*WORK TO BE COMPLETED*. Copy the lines below verbatim, but only from the line containing "Opel Corsa 1.2 Business" through the end of the data.

*GIVEN RECORDS*.
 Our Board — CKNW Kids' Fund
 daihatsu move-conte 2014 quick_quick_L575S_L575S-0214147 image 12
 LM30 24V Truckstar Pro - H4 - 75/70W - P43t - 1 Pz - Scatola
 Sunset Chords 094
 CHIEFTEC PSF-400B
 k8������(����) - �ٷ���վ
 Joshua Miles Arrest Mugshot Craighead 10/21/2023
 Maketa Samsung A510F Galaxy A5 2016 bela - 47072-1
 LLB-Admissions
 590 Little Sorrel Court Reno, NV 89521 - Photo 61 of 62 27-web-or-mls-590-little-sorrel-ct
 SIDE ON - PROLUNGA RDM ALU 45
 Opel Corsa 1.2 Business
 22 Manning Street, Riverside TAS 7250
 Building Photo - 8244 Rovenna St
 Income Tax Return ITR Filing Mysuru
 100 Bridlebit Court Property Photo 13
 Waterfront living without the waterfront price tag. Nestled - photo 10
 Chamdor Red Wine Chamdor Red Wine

*TASK RESULT*.
 Opel Corsa 1.2 Business
 22 Manning Street, Riverside TAS 7250
 Building Photo - 8244 Rovenna St
 Income Tax Return ITR Filing Mysuru
 100 Bridlebit Court Property Photo 13
 Waterfront living without the waterfront price tag. Nestled - photo 10
 Chamdor Red Wine Chamdor Red Wine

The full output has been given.